・震災の映像見れば指しゃぶりいよよ激しき七つの心
余震、東京電力福島第一原発事故による放射能汚染による不安は、静まるどころか、政府の曖昧な発表のために広がるばかりだった。
・まだ恋も知らぬ我が子と思うとき「直ちには」とは意味なき言葉
そして、ついに俵さんは、息子を連れて2人で仙台を離れる決心をする。
・子を連れて西へ西へと逃げてゆく愚かな母と言うならば言え
そうしてたどり着いたのが、友人の住む沖縄の離島、石垣島であった。見るもの、聞くこと驚くことばかりだ。
・オオカミのごとき台風襲いきて子豚マンションのドアをたたけり
はずむ心、今という瞬間をまるごと言葉にして歌うさまは、まるで恋に胸をときめかす第一歌集「サラダ記念日」と似ている。ただ似て非なることは、島の自然を楽しみ、遊び興じ、日々、作者とともに胸をはずませる息子という存在である。

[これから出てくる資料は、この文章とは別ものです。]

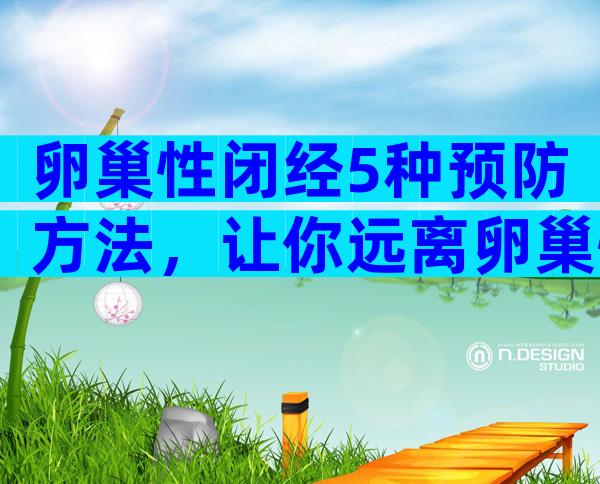 卵巢性闭经5种预防方法，让你远离卵巢性闭经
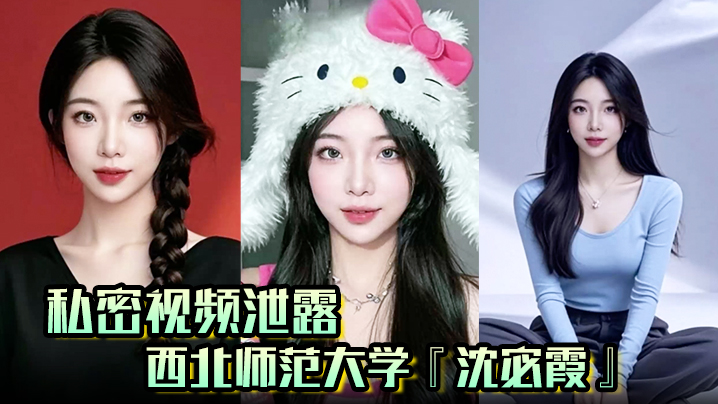 【私密视频泄露】西北师范大学『沈宓霞』利用学校表白墙钓鱼聊骚被炮友后入翘臀淫荡十足！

・子は眠るカンムリワシを見たことを今日一日の勲章として
・ぷふぷふと頬ふくらます子に聞けば釣られて焦るフグのものまね
そして、物語の主人公になったように、島で冒険に満ちた毎日を楽しむ息子の言葉が歌になり、表題となった。
・「オレが今マリオなんだよ」島に来て子はゲーム機に触れなくなりぬ
本書のあとがきも、とてもいい。すっかりゲーム遊びから遠ざかった、もうすぐ10歳になる息子が夜、「ワイファイって何?」と聞いてきた時のエピソードだ。俵さんが「無線でインターネットにつながる方法だよ。目に見える線でつながっているのは、有線」。そう答えると、隣の布団から小さな手が伸びてきたという。
「今日は有線でお願いします」
・汚染米を「おせんべい」と誤読して屈託のなき子は秋のなか
・オスプレイ空に飛び交い地上ではオスがレイプと漫談つづく
明るい作品ばかりではない。たとえ南の島に行っても、そこには現代の日本の縮図はついてくる。それを見詰めつつも、悲嘆ばかりはしていない。
・教育の半分は「育」日当たりのよきベランダに鉢を並べる
作者はかつて「万智ちゃんを先生と呼ぶ子らがいて神奈川県立橋本高校」という元先生だ。よいものを言葉で育む。その心の強さは変わらないのだ。